Designer, Dinner, Drinks (attn: Meegan)
Connie had pushed all thoughts of work out of her mind as she drove to the Marina. Her plan to aim towards the docks and follow the signs had been a wonderful one; the lack of signs made it not-so.
Windows closed, music loud, Connie grumbled to herself for just a few moments more as she waited the light in front of the Marina's driveway. Red lights and Connie just didn't seem to get along lately.
"How could they not have signs? It's not like someone would want to go looking for the Marina just to blow it up or kidnap a boat, like in Speed 2 or whichever Police Academy that was.. Not to mention this damned red light..."
By the time the red light had changed, she'd vented all her frustrations at the steering wheel.
Pulling into the long arching driveway, she pulled up to the valet parking and slid out of her seat, grabbing the white shawl and a new white leather purse from her seat. Tipping the tall, hulking, wow-he-could-be-a-sailor valet man, she waited for him to pull away before crossing the road and climbing the stairs.
Flipping the shawl over her shoulders, she tucked her purse under her elbow and, reaching for the door, was nearly knocked over by someone wearing a dishwasher's uniform. Looking ahead through the door, a second form came charging out after the first, yelling things in some language she didn't bother to identify.
She stepped inside before the door closed. Adjusting her white, lacy cocktail dress from her hips to get the driving ridges out of her bottom, she strode purposefully to the greetings stand.
She cleared her throat for attention. "Connie Stone to join Ms. Meegan Masters."

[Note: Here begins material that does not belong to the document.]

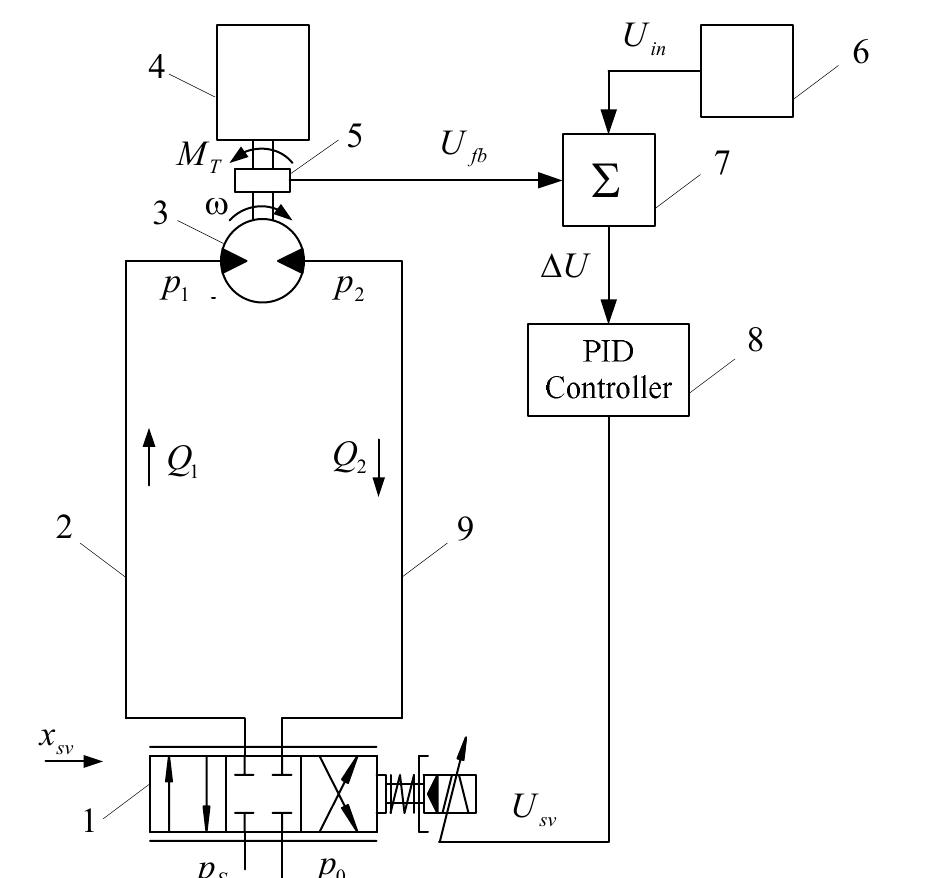 (PDF) Parametric Optimization of Electrohydraulic Servo System
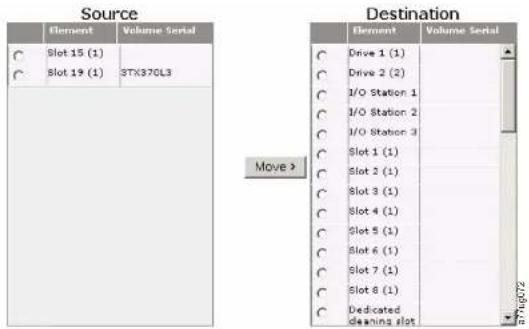 Source Element Volume Serial Slot 15 (1) Slot 19 (1) STX370L3 Move > Destination Element Volume Serial Drive 1 (1) Drive 2 (2) I/O Station 1 I/O Station 2 I/O Station 3 Slot 1 (1) Slot 2 (1) Slot 3 (1) Slot 4 (1) Slot 5 (1) Slot 6 (1) Slot 7 (1) Slot 8 (1) Dedicated deaming slot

The young blonde greeter checked his book and nodded, then looked up at her finally. His eyes almost popped out as Connie imagined him taking in her legs, waist, then bosom before finally reaching her face. She would have rolled her eyes but his attention was almost flattering, if teenage-hormonally charged. He was probably the son of someone who ran the club.
"Uh, yes, Ms. Stone, Ms. Masters has not arrived yet but you do have a table set aside. Would you care to be escorted to the table, or would you like to wait at the bar?"

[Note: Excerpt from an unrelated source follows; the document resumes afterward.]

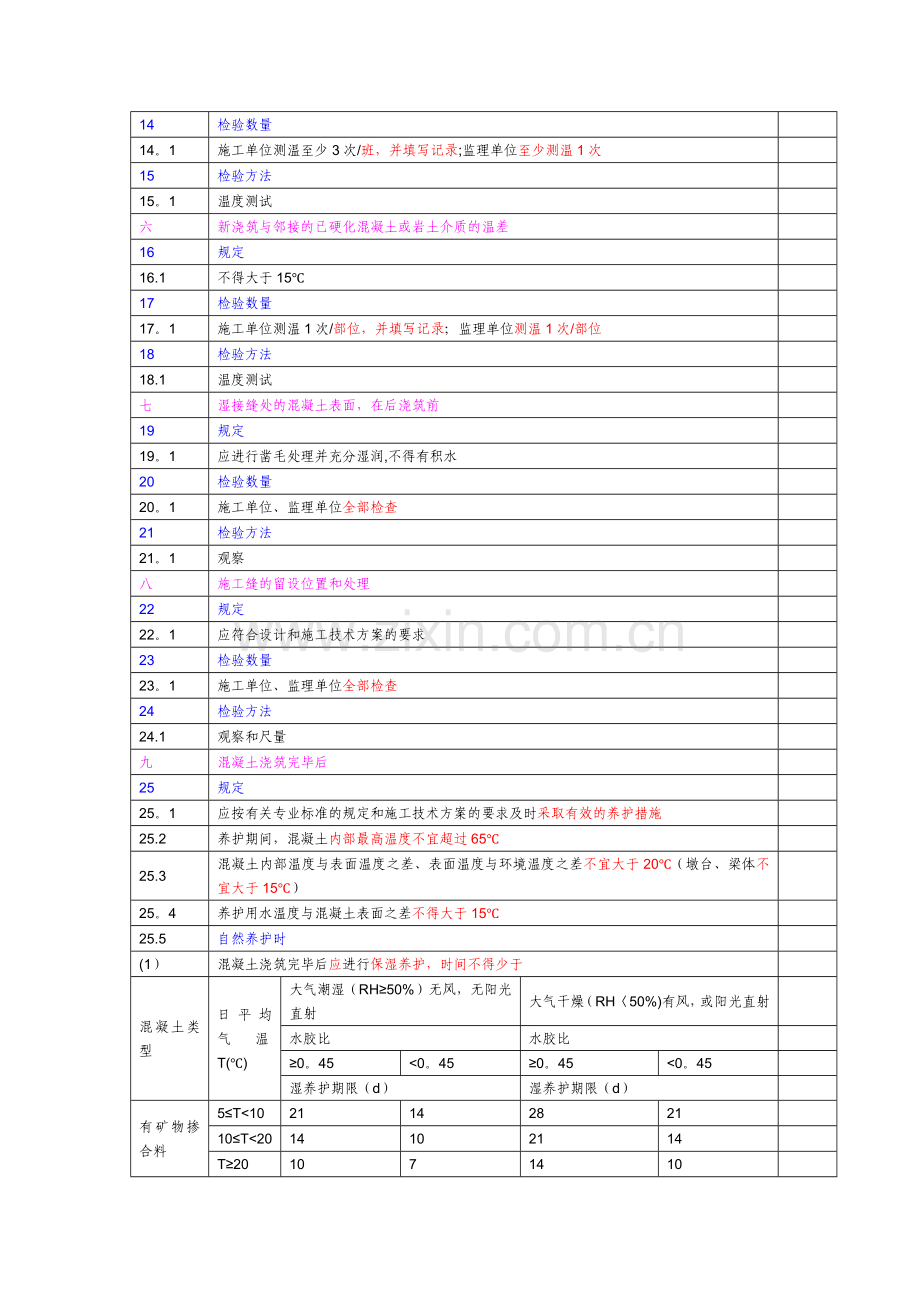 混凝土施工主控项目和一般项目.doc_第2页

Connie pondered briefly, then answered with a smile. "I'll wait at the bar for Ms. Masters, thank you."
The young man showed her in, around an artfully decorated wooden peninsula, to the bar proper. A low roof overhung the counter, but until Connie was about to lean on a stool she hadn't realized it was actually an overturned rowboat, varnished and cleaned up. Memories welled in her mind as she was approached by the bartender. "Seltzer with lime, please, I'm waiting for my companion to join me."
Smiling at the niceties spouted by the short-cropped young female bartender, she glanced around, taking in all the nautical decorations. Somewhat uncomfortable with her behind resting against the edge of the stool - even as tall as she was - she lifted her right foot gently to hook the heel of her white leather heeled shoe on the lowest support. After a moment, she realized that, were Meegan to approach her, she'd likely try to take a step with that foot to turn towards her, and would likely fall on her face or crush the designer beneath her. Instead, she unhooked her heel and rested the ball of her foot on the long brass rail just above the floor. Her hand worried at the small golden ship's wheel necklace dangling just below the hollow of her throat.

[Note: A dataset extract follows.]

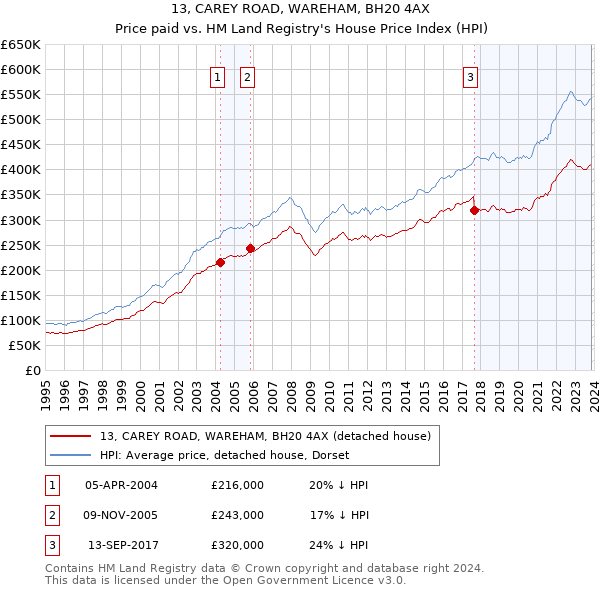 13, CAREY ROAD, WAREHAM, BH20 4AX: Price paid vs HM Land Registry's House Price Index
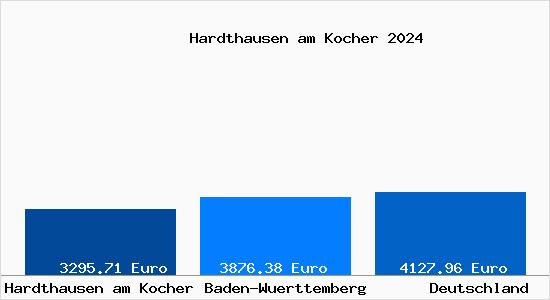 Aktuelle Immobilienpreise in Hardthausen am Kocher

When her drink arrived, she sipped lightly from it.
"I'd like the Yellow Fin Tuna Nicoise, rare and a bottle of the chef recommended wine, both for my meal and my companion's." She looked back down at the menu. "I'd also like a bowl of the clam chowder, with crackers on the side."
That plus the bruscetta should be enough to fill her for two days. She smiled at Connie as the waiter walked away. Maybe they could just move past her little confession like she'd never said it. She doubted it, it was good for her to face it. no really. She sighed and sipped from her water.
She idly played with her water for a moment before speaking again. "I'm going to be straight with you, Meegan, and tell you what I hope to get out of our relationship... I want a friend. Someone I can talk to, share things that I might not necessarily tell Nyra right away, bounce crazy gift ideas off of, stuff like that. Someone whose point of view of me isn't skewed by love, or at least romantic love, and is willing to give me what for, the way a sister does. And if what for isn't enough, what five. Is..." Her rambling forwardness became stilted as she finished, "is that so much to hope for?"
She busied her mouth with sipping from her water, then set it down. Her fingernail played on the condensation on the side of the glass as she waited.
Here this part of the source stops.